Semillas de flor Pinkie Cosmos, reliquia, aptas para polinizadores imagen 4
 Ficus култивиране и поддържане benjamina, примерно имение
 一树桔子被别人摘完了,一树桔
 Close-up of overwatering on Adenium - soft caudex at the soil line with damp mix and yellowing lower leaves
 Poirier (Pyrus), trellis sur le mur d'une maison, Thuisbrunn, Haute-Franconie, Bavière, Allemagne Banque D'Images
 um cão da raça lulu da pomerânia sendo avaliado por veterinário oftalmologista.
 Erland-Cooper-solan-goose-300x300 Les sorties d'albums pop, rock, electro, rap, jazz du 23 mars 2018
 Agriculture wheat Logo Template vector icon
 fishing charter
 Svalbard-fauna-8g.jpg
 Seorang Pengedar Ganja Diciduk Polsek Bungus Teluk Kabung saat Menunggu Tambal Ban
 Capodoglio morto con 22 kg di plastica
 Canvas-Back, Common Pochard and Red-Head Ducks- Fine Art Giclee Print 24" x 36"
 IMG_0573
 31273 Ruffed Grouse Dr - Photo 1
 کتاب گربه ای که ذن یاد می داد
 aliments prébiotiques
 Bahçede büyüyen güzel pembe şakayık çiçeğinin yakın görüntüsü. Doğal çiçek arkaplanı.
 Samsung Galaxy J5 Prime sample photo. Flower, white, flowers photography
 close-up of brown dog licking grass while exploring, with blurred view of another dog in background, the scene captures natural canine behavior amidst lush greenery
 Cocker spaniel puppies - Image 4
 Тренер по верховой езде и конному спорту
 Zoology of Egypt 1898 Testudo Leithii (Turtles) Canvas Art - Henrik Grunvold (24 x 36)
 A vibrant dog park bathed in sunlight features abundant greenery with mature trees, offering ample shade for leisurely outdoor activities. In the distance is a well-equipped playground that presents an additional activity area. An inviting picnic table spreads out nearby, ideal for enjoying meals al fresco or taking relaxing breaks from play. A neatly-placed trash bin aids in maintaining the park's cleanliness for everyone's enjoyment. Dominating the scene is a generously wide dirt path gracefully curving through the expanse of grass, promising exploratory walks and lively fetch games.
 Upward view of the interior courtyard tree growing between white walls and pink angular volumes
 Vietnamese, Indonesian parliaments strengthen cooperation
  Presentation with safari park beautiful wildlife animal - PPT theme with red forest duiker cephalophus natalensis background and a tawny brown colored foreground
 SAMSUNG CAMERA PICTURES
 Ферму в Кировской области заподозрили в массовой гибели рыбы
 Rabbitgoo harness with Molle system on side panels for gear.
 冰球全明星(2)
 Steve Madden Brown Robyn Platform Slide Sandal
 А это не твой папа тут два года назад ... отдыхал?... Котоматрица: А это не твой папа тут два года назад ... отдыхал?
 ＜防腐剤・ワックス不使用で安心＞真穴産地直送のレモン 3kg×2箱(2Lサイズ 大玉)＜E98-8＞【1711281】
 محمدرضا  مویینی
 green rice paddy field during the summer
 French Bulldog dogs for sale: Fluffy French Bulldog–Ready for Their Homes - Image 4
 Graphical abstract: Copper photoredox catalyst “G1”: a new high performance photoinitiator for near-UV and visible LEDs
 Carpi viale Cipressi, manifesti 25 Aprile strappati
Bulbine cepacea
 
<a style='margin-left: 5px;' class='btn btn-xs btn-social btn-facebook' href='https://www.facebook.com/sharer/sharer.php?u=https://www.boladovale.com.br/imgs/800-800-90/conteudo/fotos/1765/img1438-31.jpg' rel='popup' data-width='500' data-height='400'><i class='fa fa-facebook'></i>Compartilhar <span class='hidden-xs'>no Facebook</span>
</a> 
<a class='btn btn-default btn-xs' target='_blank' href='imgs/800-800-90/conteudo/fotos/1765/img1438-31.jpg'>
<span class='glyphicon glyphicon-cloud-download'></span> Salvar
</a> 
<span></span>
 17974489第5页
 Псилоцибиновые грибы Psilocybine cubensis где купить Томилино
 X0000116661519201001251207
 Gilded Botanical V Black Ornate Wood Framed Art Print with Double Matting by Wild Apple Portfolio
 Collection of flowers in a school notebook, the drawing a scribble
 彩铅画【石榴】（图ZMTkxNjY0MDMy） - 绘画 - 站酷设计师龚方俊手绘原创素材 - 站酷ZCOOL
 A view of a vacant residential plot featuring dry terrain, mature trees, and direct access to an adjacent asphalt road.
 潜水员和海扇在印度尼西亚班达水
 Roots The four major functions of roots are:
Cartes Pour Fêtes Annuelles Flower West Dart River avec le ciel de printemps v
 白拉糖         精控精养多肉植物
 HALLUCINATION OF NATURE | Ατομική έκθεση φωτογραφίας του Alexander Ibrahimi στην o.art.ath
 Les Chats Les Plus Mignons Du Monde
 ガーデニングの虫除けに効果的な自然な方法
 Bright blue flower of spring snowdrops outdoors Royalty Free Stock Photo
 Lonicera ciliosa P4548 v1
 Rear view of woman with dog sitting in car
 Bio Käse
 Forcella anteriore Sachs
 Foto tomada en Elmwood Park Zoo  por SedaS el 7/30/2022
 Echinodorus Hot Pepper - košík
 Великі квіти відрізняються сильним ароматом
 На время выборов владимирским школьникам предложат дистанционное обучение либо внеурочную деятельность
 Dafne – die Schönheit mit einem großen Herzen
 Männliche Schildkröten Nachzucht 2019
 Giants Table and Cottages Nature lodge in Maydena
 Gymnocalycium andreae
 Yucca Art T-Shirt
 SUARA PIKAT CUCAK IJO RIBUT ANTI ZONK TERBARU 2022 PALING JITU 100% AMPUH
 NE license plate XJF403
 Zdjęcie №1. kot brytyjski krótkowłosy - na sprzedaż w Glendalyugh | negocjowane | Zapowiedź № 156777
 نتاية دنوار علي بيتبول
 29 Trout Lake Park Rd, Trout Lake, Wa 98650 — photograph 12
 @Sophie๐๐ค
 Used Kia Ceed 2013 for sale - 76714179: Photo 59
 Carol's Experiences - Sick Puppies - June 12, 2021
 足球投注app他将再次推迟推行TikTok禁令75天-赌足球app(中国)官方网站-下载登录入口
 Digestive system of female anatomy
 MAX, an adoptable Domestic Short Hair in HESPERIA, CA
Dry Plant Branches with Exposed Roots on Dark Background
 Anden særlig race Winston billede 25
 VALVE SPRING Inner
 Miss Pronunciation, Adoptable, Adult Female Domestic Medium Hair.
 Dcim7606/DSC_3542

-.-.-

#### WORK ITEM
Which lines above carry the string "Canvas"? Copy those lines.

#### RESPONSE FOR THIS EXERCISE
 Canvas-Back, Common Pochard and Red-Head Ducks- Fine Art Giclee Print 24" x 36"
 Zoology of Egypt 1898 Testudo Leithii (Turtles) Canvas Art - Henrik Grunvold (24 x 36)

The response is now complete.